President Donald Trump has threatened to send in army to end growing civil unrest in the US over the death of George Floyd.
The president said if cities and states failed to control the protests and “defend their residents” he would deploy the army and “quickly solve the problem for them”.
Protests over the death of George Floyd, a black man in police custody, have escalated over the past week.
On June 2, Democrat presidential candidate Joe Biden criticized President Trump for “serving the passions of his base”.
He said: “We’re not going to allow any president to quiet our voice.”
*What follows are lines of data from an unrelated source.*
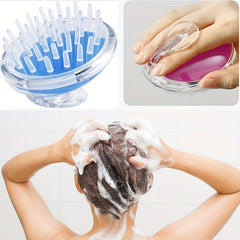 Scalp Massage Comb Brush Wet & Dry Hair Soft Long Teeth Maximum Comfort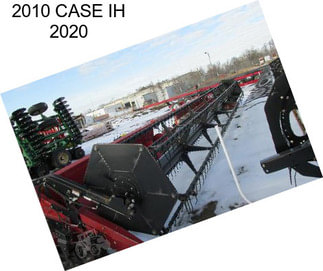 2010 CASE IH 2020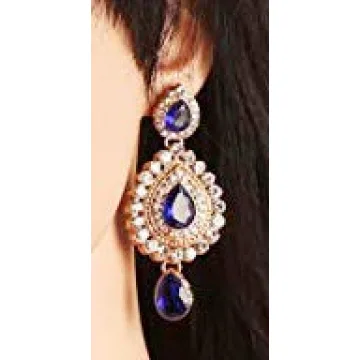 Touchstone Chandelier Earrings – Glamorous Designer Jewelry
On June 2, the Las Vegas sheriff said an officer died in a shooting after police attempted to disperse a crowd.
Dozens of people have been injured as authorities used tear gas and force to disperse protests which have swept more than 75 cities.
Four officers meanwhile were shot and injured on June 1 during unrest in St Louis, Missouri.
Dozens of major cities have imposed overnight curfews.
In New York, the iconic department store Macy’s was broken into, as shops were looted and windows smashed.
Curfew in the city will resume at 20:00 on June 2.
In Chicago, two people were reported killed amid unrest, although the circumstances are unclear.
The chief of police in Louisville, Kentucky has been sacked after law enforcement officers fired into a crowd on Sunday night, killing the owner of a nearby business.
Australian PM Scott Morrison has demanded an investigation into the alleged assault by police of two Australian journalists covering protests in Washington DC.
Music channels and celebrities have pledged to mark #BlackoutTuesday pausing for eight minutes – the length of time a police officer knelt on George Floyd’s neck.
The protests began after a video showed George Floyd, 46, being arrested in Minneapolis on May 25 and a white police officer continuing to kneel on his neck even after he pleaded that he could not breathe.
Officer Derek Chauvin has been charged with third-degree murder and will appear in court next week. Three other police officers have been fired.
The Floyd case has reignited deep-seated anger over police killings of black Americans and racism. It follows the high-profile cases of Michael Brown in Ferguson, Missouri; Eric Garner in New York; and others that have driven the Black Lives Matter movement.
President Trump delivered a brief address from the White House Rose Garden, amid the sound of a nearby protest being dispersed.
The president said “all Americans were rightly sickened and revolted by the brutal death of George Floyd” but said his memory must not be “drowned out by an angry mob”.
He described the scenes of looting and violence in the capital on May 31 as “a total disgrace” before pledging to bolster the city’s defenses.
President Trump said: “I’m dispatching thousands and thousands of heavily armed soldiers, military personnel and law enforcement officers to stop the rioting, looting, vandalism, assaults and the wanton destruction of property.”